Type out the whole listing again exactly, pictures omitted.

DATA FOR PROCESSING:
▼
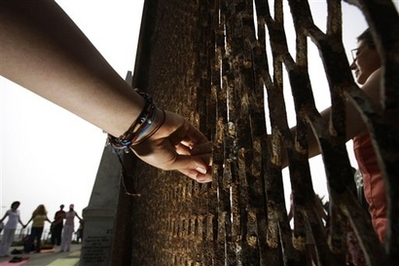 Residents hold hands trough the U.S.-Mexico border fence as they take part in the "Yoga without borders" encounter at the border in Tijuana, Mexico, Sunday, June 22, 2008.(AP Photo/Guillermo Arias)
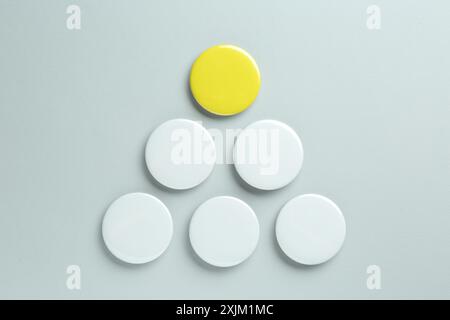 Blank button badges on light background, flat lay. Mockup for design Stock Photo
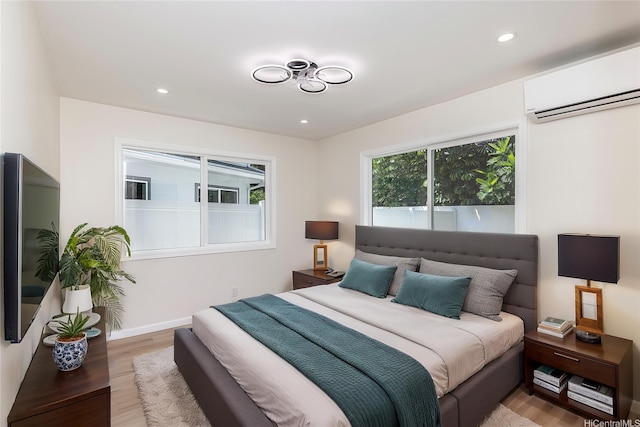 839 Oneawa St, Kailua, HI 96734 - bedroom featuring an AC wall unit, light wood finished floors, recessed lighting, and baseboards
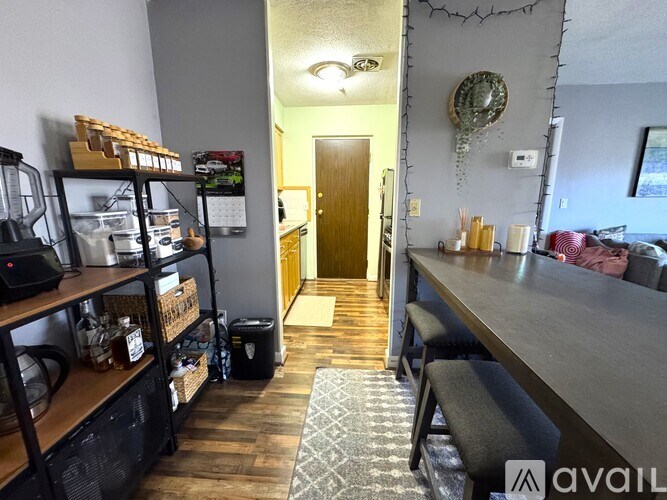 A long wooden table is in the middle of a room with a door in the background.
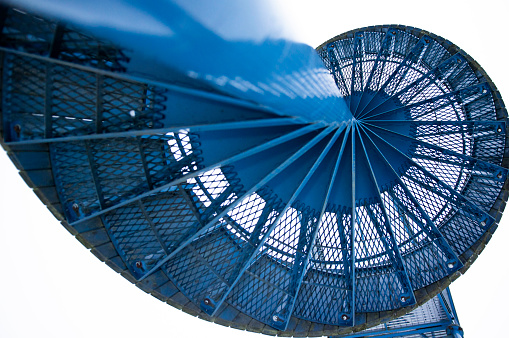 A top view of a blue spiral staircase on a white background.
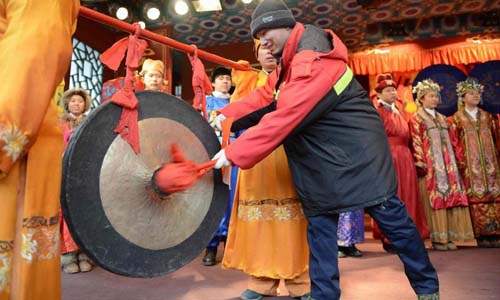 A representative of Beijing sanitation workers knocks a bell to inaugurate the 18th Honglou Temple Fair held at the Grand View Garden in Beijing, capital of China, Feb. 10, 2013. Various activities were held all over China on Sunday to celebrate the Spring Festival, marking the start of Chinese lunar Year of the snake. The Spring Festival falls on Feb. 10 this year. Photo: Xinhua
▲
YOUR RESPONSE:
 Residents hold hands trough the U.S.-Mexico border fence as they take part in the "Yoga without borders" encounter at the border in Tijuana, Mexico, Sunday, June 22, 2008.(AP Photo/Guillermo Arias)
 Blank button badges on light background, flat lay. Mockup for design Stock Photo
 839 Oneawa St, Kailua, HI 96734 - bedroom featuring an AC wall unit, light wood finished floors, recessed lighting, and baseboards
 A long wooden table is in the middle of a room with a door in the background.
 A top view of a blue spiral staircase on a white background.
 A representative of Beijing sanitation workers knocks a bell to inaugurate the 18th Honglou Temple Fair held at the Grand View Garden in Beijing, capital of China, Feb. 10, 2013. Various activities were held all over China on Sunday to celebrate the Spring Festival, marking the start of Chinese lunar Year of the snake. The Spring Festival falls on Feb. 10 this year. Photo: Xinhua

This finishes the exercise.